Should any entry include an image, skip the image and copy the entry exactly.

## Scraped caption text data

[Start of section]

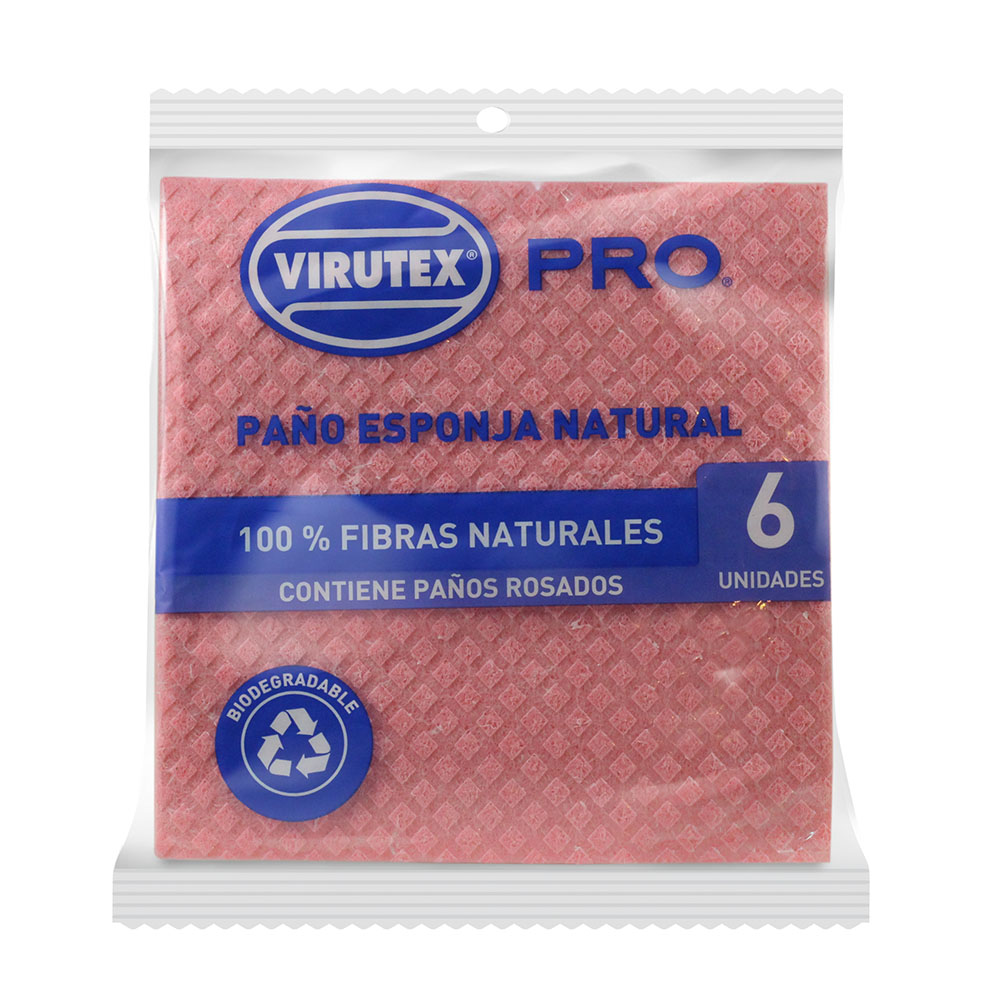 PAÑO ESPONJA VIRUTEX ROSADO X 6 VTX PRO 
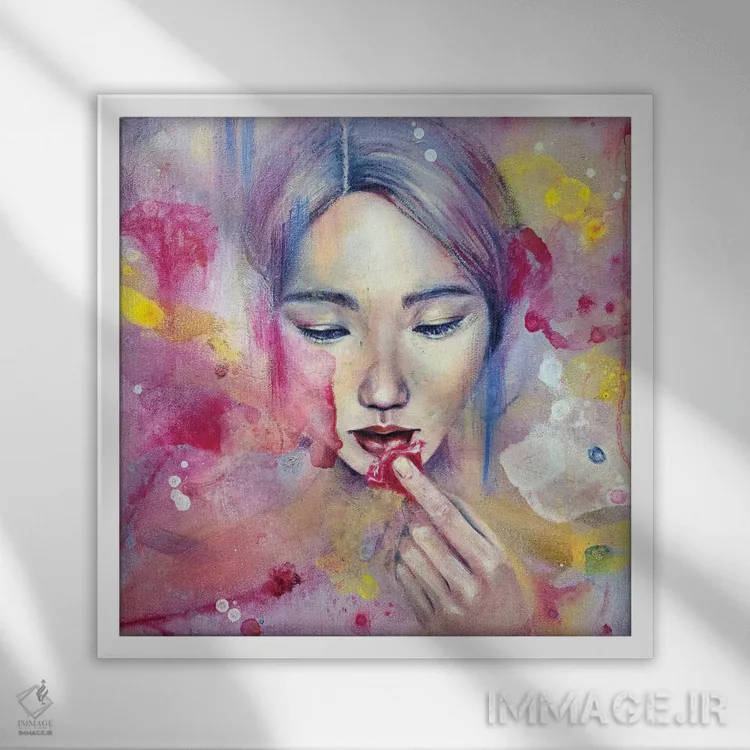 تابلو گُلیان (نام ساختهشده) اثر یوری کیم - نمای قابدار سفید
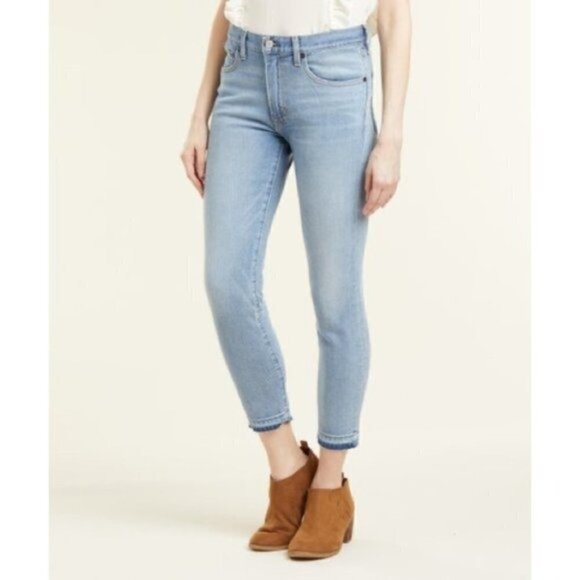 NEW FRYE Light Blue Ankle Cropped Denim Skinny Jeans Size 26 Mid Rise Boho - Picture 2 of 10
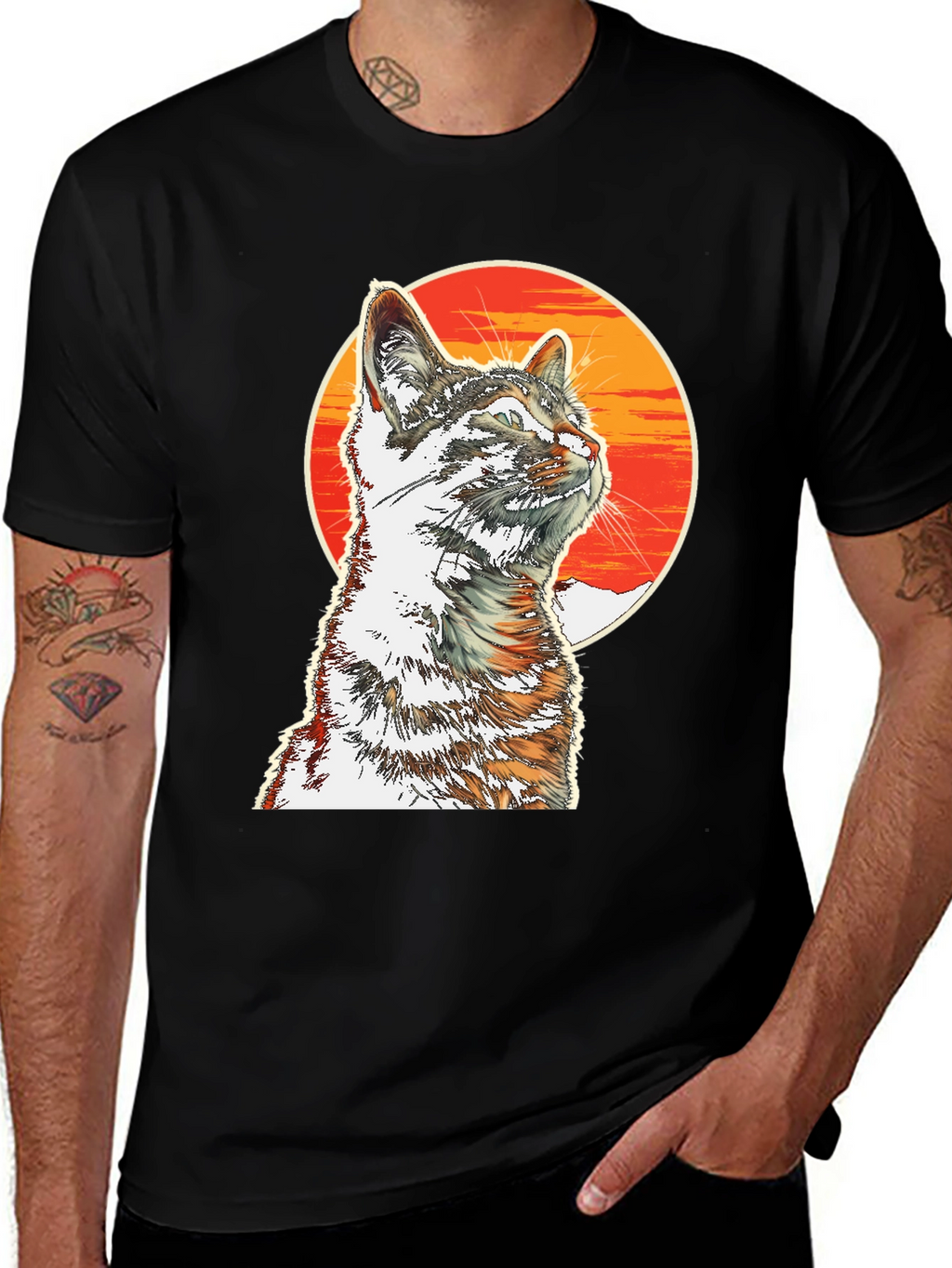 Cool Cat T-Shirt - Sunset Graphic Tee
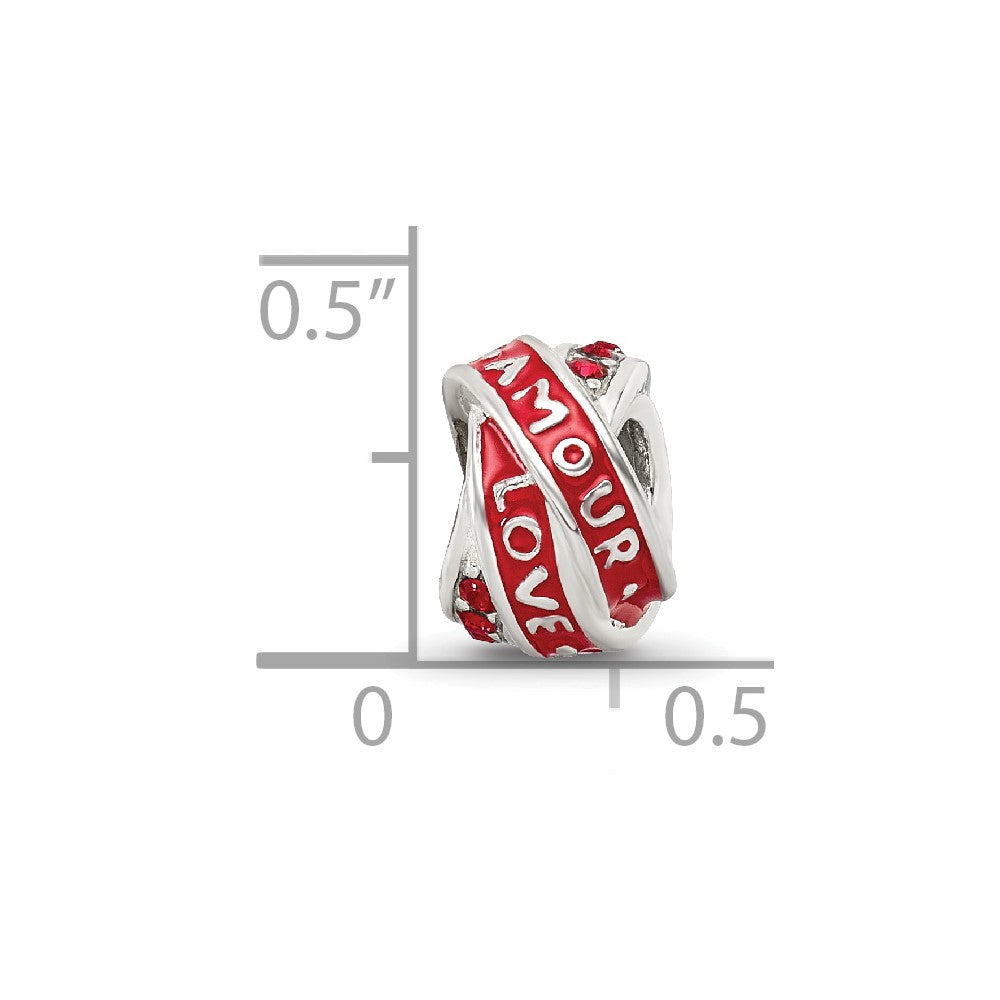 Sterling Silver Reflections Love/Amour Red Preciosa Crystal Bead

[End of section]

## Exercise response
 PAÑO ESPONJA VIRUTEX ROSADO X 6 VTX PRO 
 تابلو گُلیان (نام ساختهشده) اثر یوری کیم - نمای قابدار سفید
 NEW FRYE Light Blue Ankle Cropped Denim Skinny Jeans Size 26 Mid Rise Boho - Picture 2 of 10
 Cool Cat T-Shirt - Sunset Graphic Tee
 Sterling Silver Reflections Love/Amour Red Preciosa Crystal Bead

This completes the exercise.